:: Short web captions ::

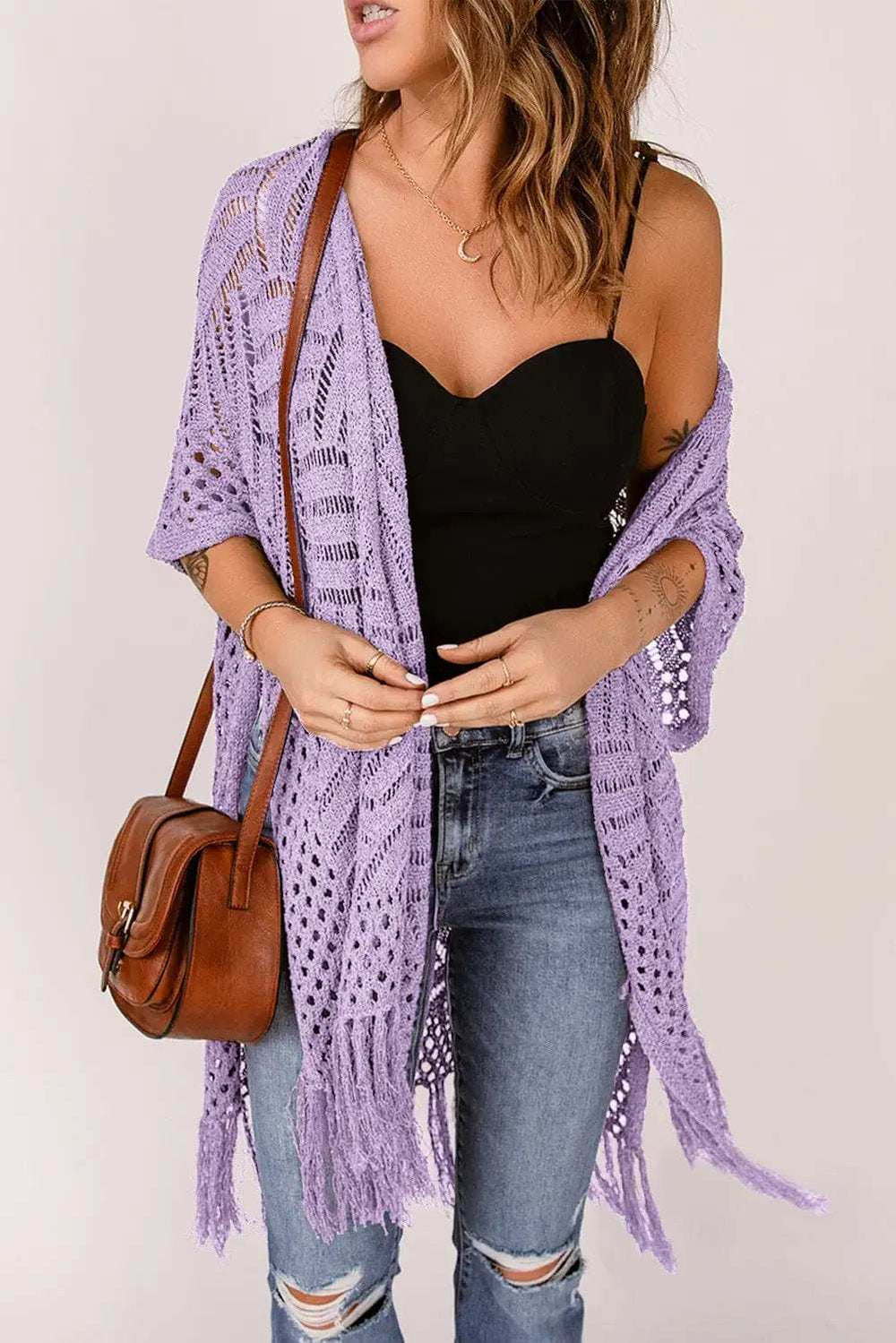 Openwork Open Front Cardigan with Fringes - Trendsi - Flyclothing LLC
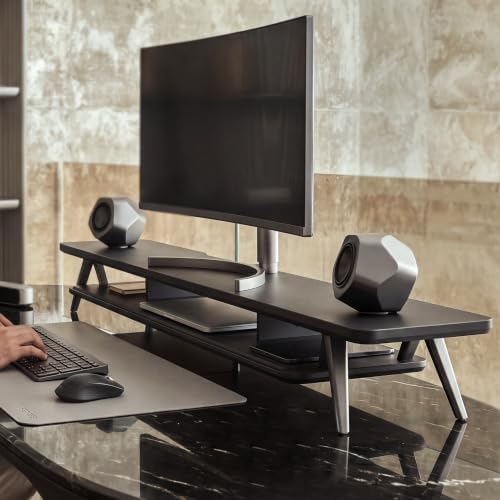 Fenge Dual Monitor Stand Riser, Wooden Desk Shelf with 2-Tier Storage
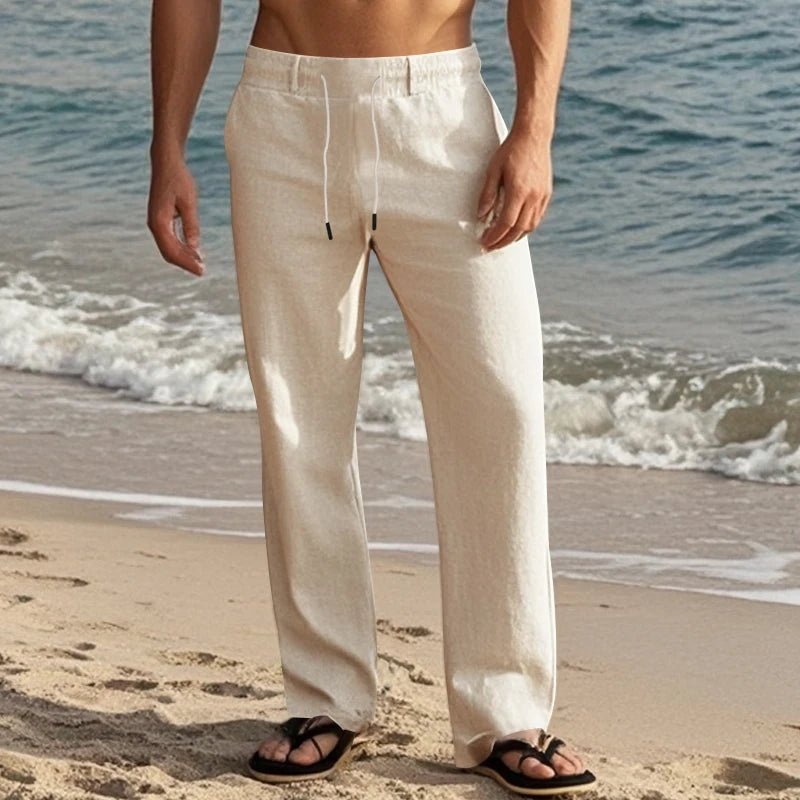 Summer New Linen Casual Pants Elastic Waist Beach Pants Lightweight Drawstring Summer Yoga Pants Solid Color Beach Pants - PratSN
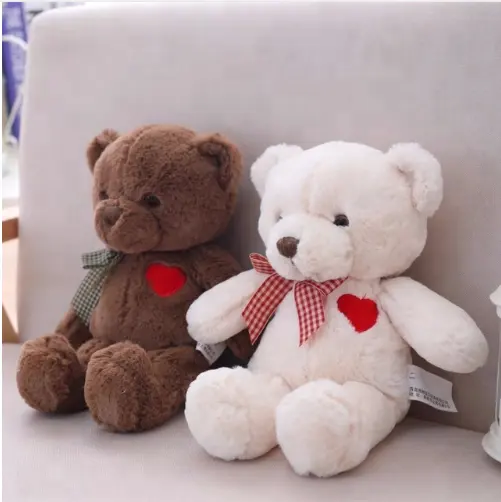 35 Cm Indah Plush Teddy Bear/Mainan Boneka Katun Beruang dengan Hati Boneka Hadiah untuk Anak Perempuan Valentine Hadiah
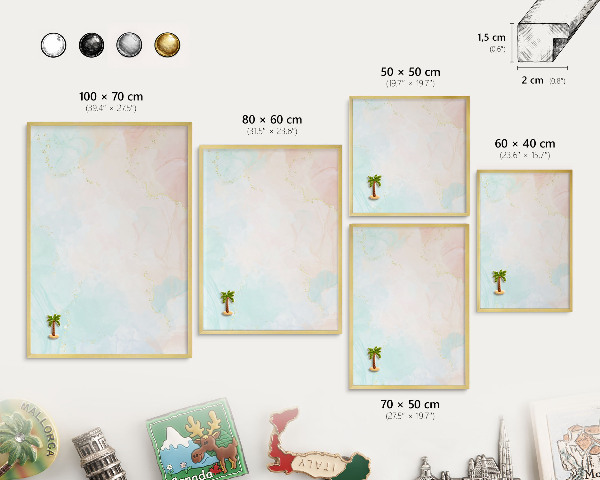 Magnettafel für Urlaubsmagnete in Goldrahmen Pastell-Eleganz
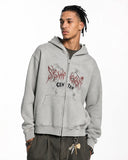 INFLATION Washed Graphic Zip Up Hoodies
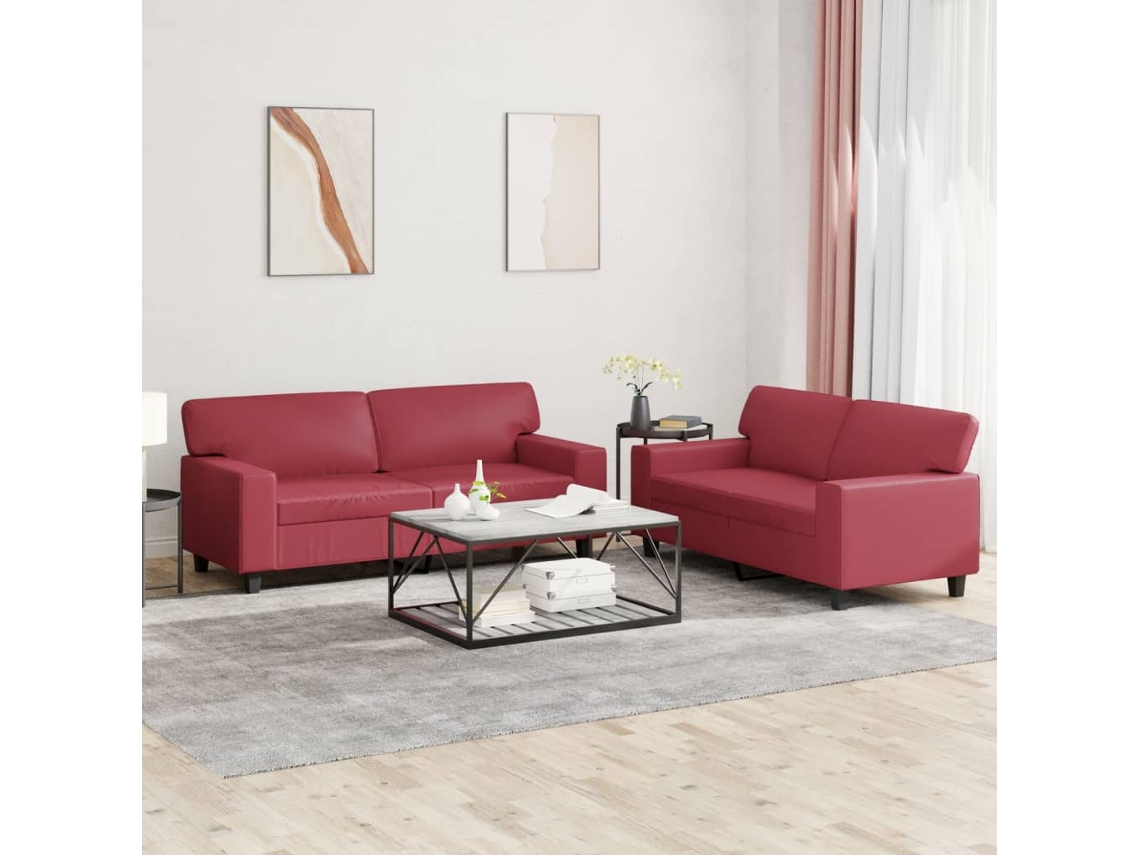 Vidaxl 2 Pcs Conjunto De Sofás Couro Artificial Vermelho Tinto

:: Goal of the exercise ::
Output the lines, exactly: the first line of the entries above, every line after it, and the line with "Fenge Dual Monitor" as the last. No pictures.

:: Answer for the task ::
 Openwork Open Front Cardigan with Fringes - Trendsi - Flyclothing LLC
 Fenge Dual Monitor Stand Riser, Wooden Desk Shelf with 2-Tier Storage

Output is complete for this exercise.